The distant countrysides also shared a common element that now runs through Peninsula’s menu: limited spices. “Americans a hundred and fifty years ago didn’t have any spices, and Spanish and Portuguese are known as people that don’t use any spice except for salt and pimenton,” Schoen says.

Howell’s menu lets the core ingredients speak for themselves. The chef explains that it’s a natural evolution of his cooking. “I never cooked with a lot of spices, so it wasn’t a challenge to just sort of eighty-six that out. Most restaurants, you look and they have like seventy-five different spices. We have”—pause for dramatic effect—“none.”

Howell makes his food pop in other ways. Peninsula has only been open a month, but diners already have a clear favorite in the Springer Mountain Farm chicken liver mousse with tomato toast. Smokiness from the charred edges of the toast give this best-seller a rich dimensionality that a straightforward cracker would never achieve. An appetizer of puffed beef tendon with a hint of lime turns the usually chewy tendon into a crisp chicharron with an umami crunch and soprano high notes of citrus. Howell serves his catfish with an egg, pulverized sourdough, and a remarkable coriander-cilantro broth, which Say gushes over. “You have a broth that seems really, really simple. And I can’t tell you how he does it, because he likes to keep some of it secret. But that broth that seems really simple goes through four different phases before it’s actually ready to complement a dish.”

Schoen jokes that he uses more spices at his bar than they do in the kitchen, which I believe after looking over Peninsula’s menu of complex cocktails. Beyond the staples of Spanish and Portuguese wines, Peninsula also features a gin and tonic menu that offers imbibers an opportunity to sample lesser-known gins paired with unusual ingredients like fermented blackberries, bergamot, and cinnamon. Say wasn’t on board at first: “I was like, ‘Seventeen different types of gin, Craig? Really? Seventeen?’ But I was wrong—people are going crazy for it.”

Like nearly every Nashville chef I’ve interviewed over the last few years, the Peninsula team calls out the generous nature of our city’s diners and fellow restaurateurs alike. Schoen recalls his immediate and long-lasting friendship with No. 308 bartender Jaime White. “That’s how fucking nice people are. And talk about wanting to learn about shit! Here’s a guy with intensive experience who openly admits there are things he doesn’t know. That’s awesome! That’s humbling! Everyone pretends to know everything in New York, San Francisco, and Seattle. That’s the key, right? No one’s tasted it all. No one’s seen it all. That’s stupid. I thought that way for a long time. But once I got out of New York, it was like, ‘Oh yeah, that’s not really the case.’”

Peninsula’s décor reflects the humility that Schoen espouses. There’s nothing fancy, just large doses of greenery and antique elements. Floating beams above the dining tables are 16th-century poplar. A line of hanging plants create a natural wall separating the small kitchen from the rest of the interior. There’s a warm friendliness to the space that matches the welcoming, hospitable nature of its owners. And Nashville is responding to that hospitality.

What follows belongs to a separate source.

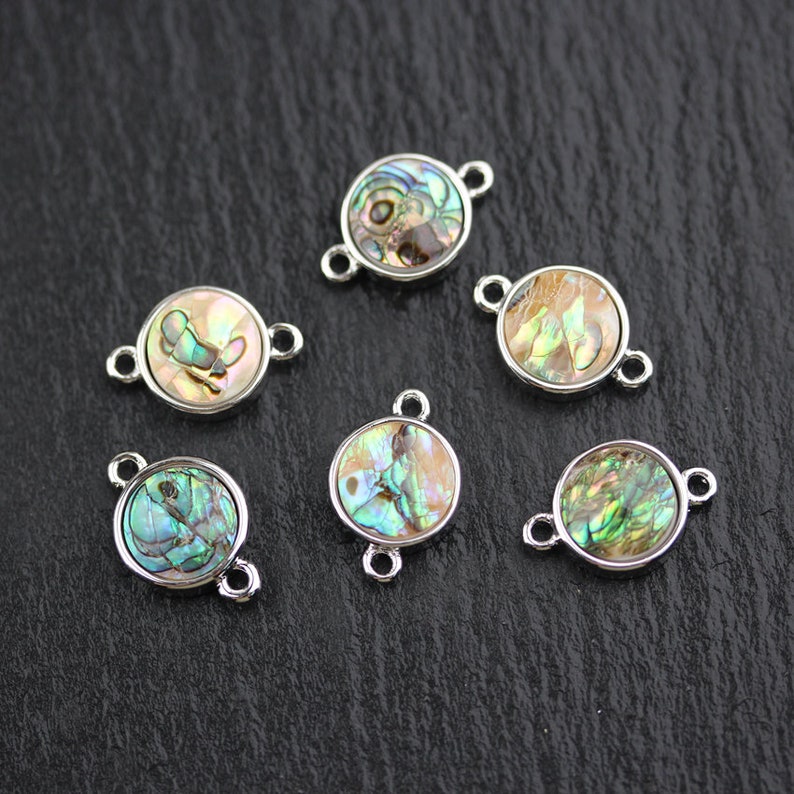 Wholesale Silver Plated Connectors Jewelry Natural Abalone Shell Round Coin Shape Charms Bracelets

“It’s been such a continuous pleasant surprise at how open people are to being adventurous, to being like, ‘I’m here for an experience; guide me through it,’” Say explains. “I find it to be a much more gratifying work experience too. There’s just been this big reminder for us with moving here like, Yeah, this is why I wanna do this. This is why we love hospitality, because we actually enjoy serving people and giving them an experience. Southern hospitality is real!”

Peninsula is open Tuesday through Saturday from 5 p.m. to 10 p.m.